** The problem **
Set every line of the data down again exactly, and keep the pictures out.

** Data **
------------------------------------------------------------------------

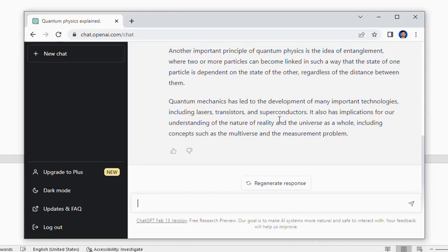Hello friend, welcome back to my channel. In the previous lecture we have seen how to make our ChatGPT account on OpenAI and how to register your cell phone on OpenAI for the free use of ChatGPT.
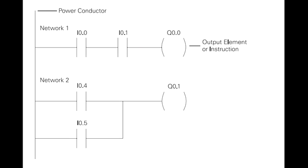The left vertical line of a ladder logic diagram represents the power or energized conductor. The output element or instruction represents the neutral or return path of the circuit. The right vertical line, which represents the return path on a hardwired control line diagram, is omitted. Ladder logic diagrams are read from left to right, top to bottom.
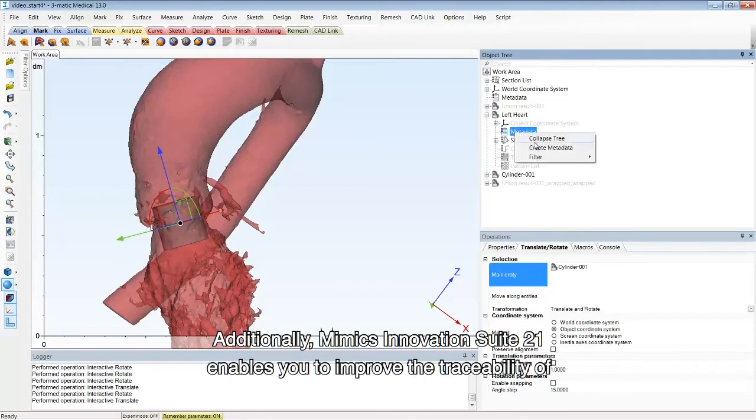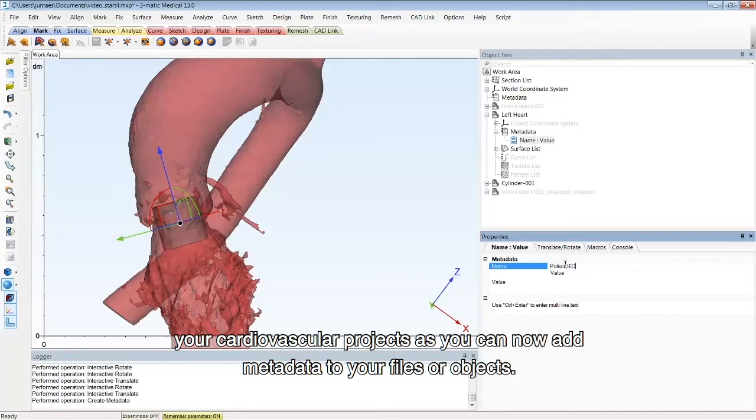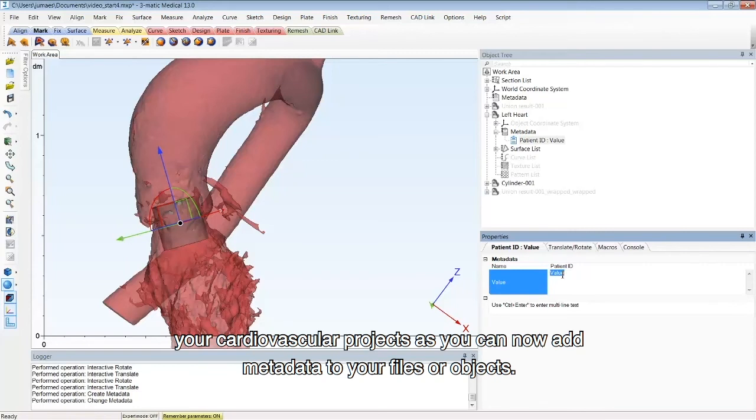Additionally, Mimics Innovation Suite 21 enables you to improve the traceability of your cardiovascular project, as you can now add metadata to your files or objects.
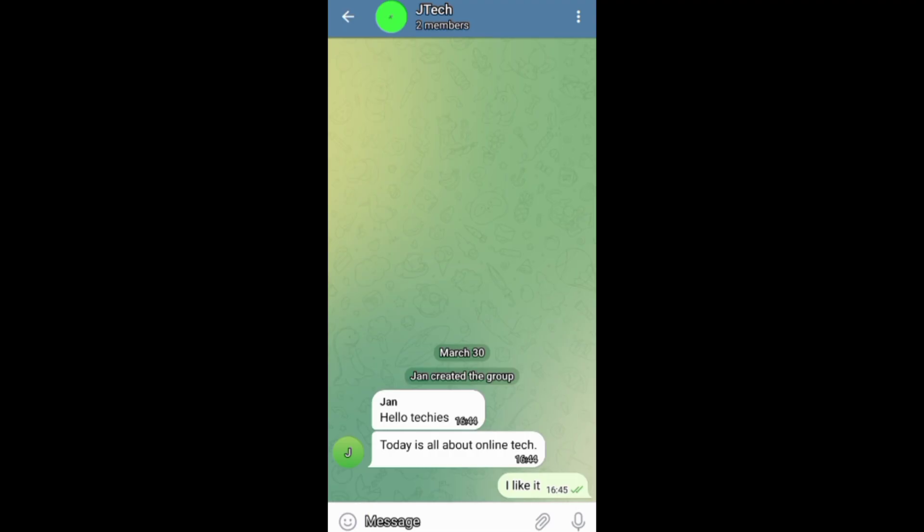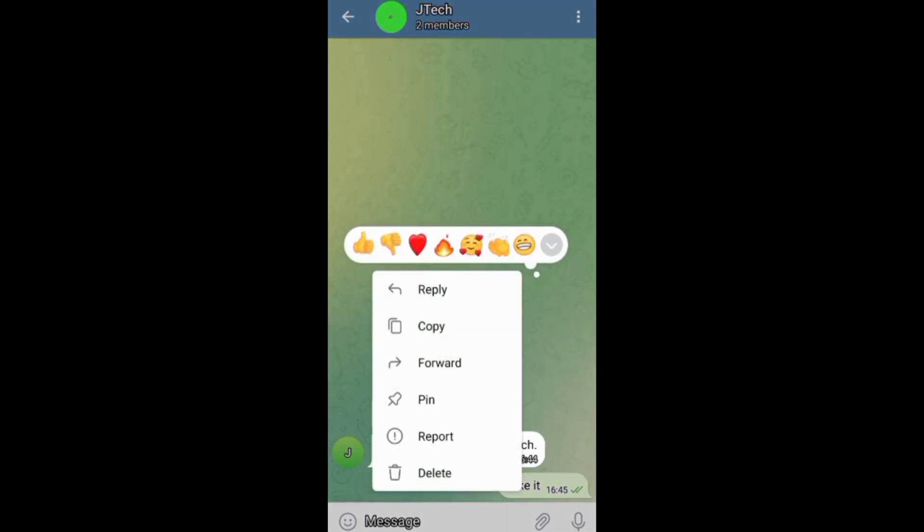Now, before leaving a Telegram group, if you had posted on the group, you can first delete the posts. And after that,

------------------------------------------------------------------------

** Your response **
Hello friend, welcome back to my channel. In the previous lecture we have seen how to make our ChatGPT account on OpenAI and how to register your cell phone on OpenAI for the free use of ChatGPT.
The left vertical line of a ladder logic diagram represents the power or energized conductor. The output element or instruction represents the neutral or return path of the circuit. The right vertical line, which represents the return path on a hardwired control line diagram, is omitted. Ladder logic diagrams are read from left to right, top to bottom.
Additionally, Mimics Innovation Suite 21 enables you to improve the traceability of your cardiovascular project, as you can now add metadata to your files or objects.
Now, before leaving a Telegram group, if you had posted on the group, you can first delete the posts. And after that,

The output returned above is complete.